Training sailplane from the 1980s

The Akaflieg Stuttgart fs31 Ferdinand Porsche is a tandem seat, dual control training glider designed and built in Germany between 1977 and 1981. The aircraft was intended to have high performance, yet to be robust enough for student use. It was not intended for production and remains in service with the Akaflieg after almost 40 years and 7,100 flying hours.

==Design and development==
The Akaflieg Stuttgart or Akademische Fliegergruppe Stuttgart (The Stuttgart Academic Flying Group) is one of some fourteen German student flying groups attached to and supported by their home Technical University. Several have designed and built aircraft, often technically advanced and leading the development of gliders in particular.

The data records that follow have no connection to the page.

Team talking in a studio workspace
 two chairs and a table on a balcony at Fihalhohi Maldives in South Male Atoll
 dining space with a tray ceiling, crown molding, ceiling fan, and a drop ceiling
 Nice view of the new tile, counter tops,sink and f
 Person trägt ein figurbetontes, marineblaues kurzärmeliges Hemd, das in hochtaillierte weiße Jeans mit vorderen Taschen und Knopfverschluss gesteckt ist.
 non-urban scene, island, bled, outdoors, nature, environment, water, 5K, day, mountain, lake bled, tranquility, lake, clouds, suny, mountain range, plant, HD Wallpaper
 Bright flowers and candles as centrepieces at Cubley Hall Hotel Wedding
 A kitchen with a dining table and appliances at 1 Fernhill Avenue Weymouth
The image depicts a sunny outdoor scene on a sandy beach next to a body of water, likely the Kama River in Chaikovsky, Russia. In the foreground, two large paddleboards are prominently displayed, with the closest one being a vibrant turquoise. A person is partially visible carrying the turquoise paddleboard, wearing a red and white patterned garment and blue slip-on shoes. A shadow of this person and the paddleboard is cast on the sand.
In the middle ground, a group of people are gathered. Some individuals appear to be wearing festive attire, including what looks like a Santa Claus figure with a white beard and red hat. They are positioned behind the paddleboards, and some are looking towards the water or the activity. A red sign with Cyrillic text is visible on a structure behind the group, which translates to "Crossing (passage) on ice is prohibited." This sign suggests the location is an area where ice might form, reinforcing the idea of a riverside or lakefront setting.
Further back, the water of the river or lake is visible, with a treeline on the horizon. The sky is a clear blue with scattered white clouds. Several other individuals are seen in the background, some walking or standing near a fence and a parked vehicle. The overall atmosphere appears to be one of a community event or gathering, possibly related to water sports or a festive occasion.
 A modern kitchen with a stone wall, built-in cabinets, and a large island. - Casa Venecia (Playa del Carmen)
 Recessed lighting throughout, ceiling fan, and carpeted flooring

The students of the Stuttgart Akaflieg designed the fs31 as a high performance, tandem seat training sailplane to replace their earlier aircraft, further inspired by the purchase of a set of wings from the Grob G 103 Twin Astir prototype in 1977. Furthermore, the then new carbon Kevlar hybrid material was to be used to reduce weight. Energy dissipation and a locally strong cockpit area were further design objectives. Benign stall characteristics and a strong, long-stroke, monowheel undercarriage also make it suitable for student pilots.

The fs31 has mid-mounted, straight tapered wings with 4° of dihedral, taken from the Twin Astir prototype. Its T-tail, from the Glasflügel 604, has a narrow chord, weakly tapered tailplane. The aircraft's control surfaces are made from a Kevlar-sandwich. Instructor and pupil sit in tandem in a cockpit placed forward of the wing, fitted with dual controls, under a long, single-piece canopy. The fuselage, which narrows to a slender boom behind the wing trailing edge, is similar to that of the Akaflieg Stuttgart fs29, though carbon/Kevlar replaces the earlier aircraft's GRP polymeric foam sandwich structure. Furthermore, the fuselage shells are split horizontally instead of vertically to improve pilot safety during a crash landing by eliminating a seam on the underside of the cockpit. The undercarriage is retractable and is also based on that of the fs29.

The fs31 first flew on 30 December 1981. Some improvements were made to the wing root-fuselage junction during flight testing in the summer of 1982. The aircraft's fuselage design served as the basis for the Schleicher AS 22-2, later developed into the ASH 25, the Akaflieg Stuttgart fs33, and the Akaflieg Braunschweig SB 15.

==Operational history==
The sole fs31 was still undergoing field trial when it won the Klippeneck gliding competition of July 1982. It entered service with the Akaflieg Stuttgart in April 1983 and since then it has served in its intended role of trainer for almost 40 years, logging over 7,100 flying hours and 23,000 takeoffs.